Black German Cultural Society (BGCS)™ founded 1999, established itself as the premiere organization serving as a resource, networking organization as well as a forum to facilitate awareness, discussions, and reflection of important issues that impact Black Germans, Post WWII Afro-Germans (known as Brown Babies and Mischlingskinder), and their descendants.
BGCS also supports, promotes, and may initiate a number of educational activities such as but not limited to: exhibits, lectures, tours to historical sites and cultural centers, educational forums, seminars and panel discussions in academic and non-academic settings.
BGCS is a federally recognized 501(c)3 charitable non-profit organization of Afro/ Black Germans who reside in the USA, Germany, and other places abroad who are dedicated to embracing, honoring, and preserving the dual cultural heritage of being African American and German.
The Black German Cultural Society was initially conceived as a group by Christoph Schneider-Yattara, his wife Nancy Schneider, and friend Linda Weide, a group of Black Germans who immigrated from Germany to the United States. The purpose of the group was to sustain their German cultural heritage by bringing together, informing, and nurturing relationships among their families and friends while educating the broader American and African American communities about the existence of German born Blacks living in Germany, many of whom were of African American descent.

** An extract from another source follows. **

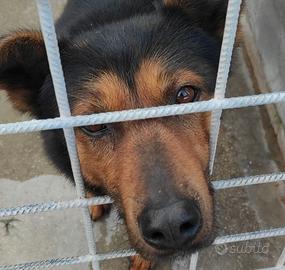 CANE IN ADOZIONE tg medio contenuta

They gave presentations at the American Association of German Teachers (AATG) conferences, the Goethe-Institute Chicago, NEH-Summer Institute at the University of Mass Amherst, as well as a number of Veterans of Foreign Wars (VFW) Posts.
Yattara and the others quickly learned from Shirley Gindler-Price, a German born adoptee living in Philadelphia, Pa., that there was a significant, yet unorganized adult group of Post WW II war babies or so-called German ‘Brown Babies’ living in the United States. Most had become naturalized citizens as infants and young children upon their adoptions either by African American military families stationed in Germany or African American civilian families residing in the United States.
Together, the Schneider-Yattaras and the Prices reorganized the group and co-founded the Black German Cultural Society as a viable organization. In December of 1999, BGCS was incorporated as a legal entity in the commonwealth of Pennsylvania and became a federally recognized 501(c)3 charitable, non-profit organization. The focus of the group changed to include the development of cooperative partnerships with academic, humanitarian, diplomatic, cultural and social organizations as they related to Black Germans of the African Diaspora.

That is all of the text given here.